What does this mean for an immigrant seeking lawful status based on a marriage to a person who happens to be of the same sex? The Obama Administration’s answer so far has been resoundingly clear: these immigrants are now eligible. Department of Homeland Security Secretary Janet Napolitano issued a statement just hours after the Supreme Court’s ruling promising to “implement [the] decision so that all married couples will be treated equally and fairly in the administration of our immigration laws.” And, according to the New York Times, less than one hour after the Supreme Court announced its ruling in Windsor, an intern carried the court’s ruling “still warm from the printer” to an immigration judge, who then halted the deportation of the Colombian husband of a U.S. citizen. On Friday, the U.S. Citizenship and Immigrant Services issued its first visa approval based on a same-sex marriage between a Bulgarian immigrant and a U.S. citizen living in Florida.
This broad interpretation certainly seems like the most just reading of Windsor as applied to immigration cases. For years, same-sex couples have been denied the family reunification rights granted to opposite-sex couples. Immigration law is not just a question of filling out the appropriate paperwork. In order to obtain permanent resident status (what is commonly known as a “green card”), an immigrant needs to fit into a particular category, usually based on a family relationship to a U.S. resident or a job offer from a U.S. company. Denying same-sex couples the same rights as opposite-sex couples tore families apart and encouraged same-sex couples live in undocumented status. Another common scenario was marriage fraud; the immigrant spouse would marry a U.S. citizen friend of the opposite sex in order to gain lawful status, divorce the friend, and then marry (or live with) his or her actual partner.

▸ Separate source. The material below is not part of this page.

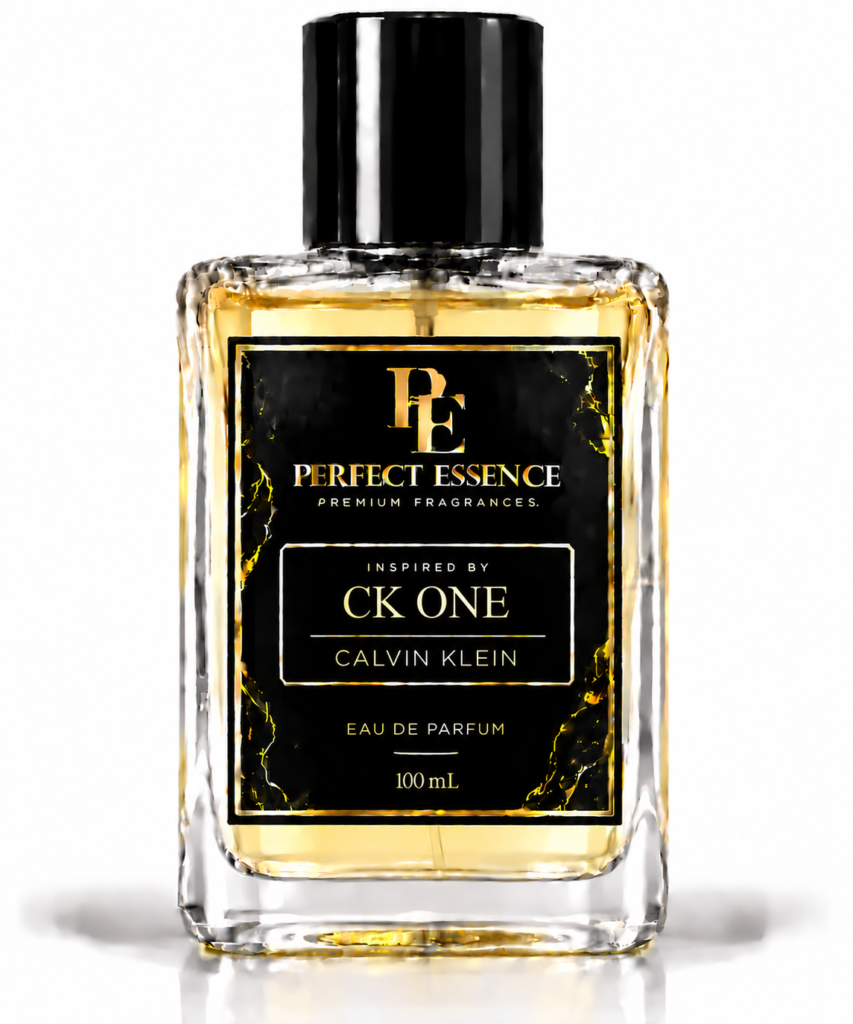 CK One — Inspired by CALVIN KLEIN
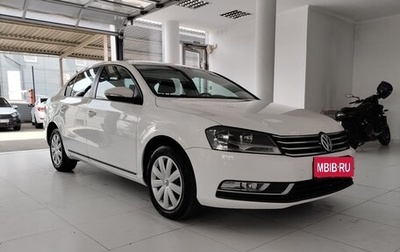 Volkswagen Passat B7, 2012 год, 1 460 000 рублей, 1 фотография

The Obama Administration’s response is heartening, but was not inevitable. The demise of DOMA did not automatically mean the end of this policy. In fact, the governing law pre-DOMA denied immigration benefits to same-sex couples. In the leading case, from 1982, the Ninth Circuit set forth a two-part test for determining whether a marriage would be recognized for immigration purposes. First, is the marriage valid under state law? Second, does the marriage qualify under the Immigration and Nationality Act? In that case, Adams v. Howerton, the answer to first question was easy. Richard Adams and his spouse, Tony Sullivan, had managed to obtain a marriage license from the county clerk in Boulder, Colorado, but there was no evidence that Colorado would actually recognize a same-sex marriage (remember, this was 1982!). But the court also addressed the second question, and determined that the Immigration and Nationality Act—which included no language one way or the other on whether “marriage” included same-sex couples—could not be read to include same-sex couples.
There are several reasons to think that Adams v. Howerton is no longer good law. First of all, the decision was predicated in part on the fact that “homosexuality” made an immigrant inadmissible to the United States. “We think it is unlikely,” the court explained, “that Congress intended to give homosexual spouses preferential admission treatment … when … it mandated their exclusion.” Congress repealed the law excluding homosexuals in 1990, so a court today would no longer need to read the preference for married couples in light of it.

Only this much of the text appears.